A funeral and memorial service had been arranged. My father’s business acquaintances would all be there, including the leading lights of the Onenia County Republican Committee. I would not be turned away, she said, if I chose to attend. But it might be awkward, under the circumstances.
“Did he ask about me at all, before he died?”
It was a stupid question, and I should have known better than to ask.
“Adam … no. But I’m sure he thought of you.”
I didn’t attend the funeral.
Geddy and Rebecca were in India at the time, doing volunteer work for an NGO, helping to assemble modular housing for the legions of Mumbai’s poor made homeless by the Short War. They came back shortly before the funeral, and I began to hear from them every week or two. Their calls became absurdly important to me.
Rebecca talked a great deal about New Socionome. She wasn’t evangelical about it, but her enthusiasm would have been hard to conceal, and she wasn’t interested in concealing it. She blogged on the subject, and I read some of her posts.
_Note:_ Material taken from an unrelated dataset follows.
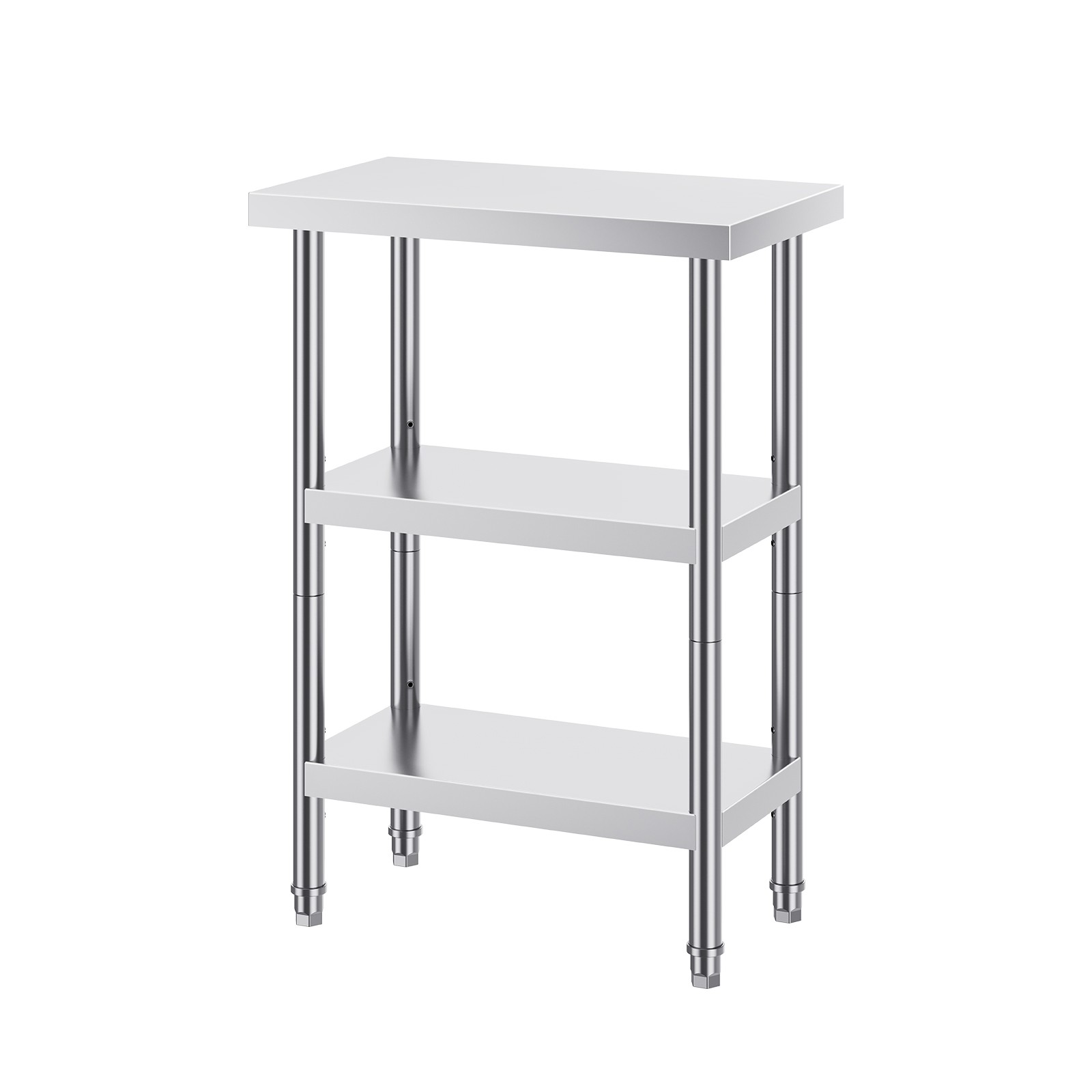 VEVOR Stainless Steel Food Prep Table Commercial Kitchen 14*24/18*48/14*60 in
I liked her idealism, except when it grated on me. She called from Boston one winter evening when I was home from a day’s work, facing unwashed laundry and maybe an hour of pointless television before bed. She was eager to tell me about some fresh iteration of a New Socionome algorithm, the words spilling out of her until I said, more cruelly than I had intended, “Does it matter? I mean, Jesus, what does it change? Eight billion people on the planet, weather disasters, war—what does it matter than somebody invented a new way to make friends?”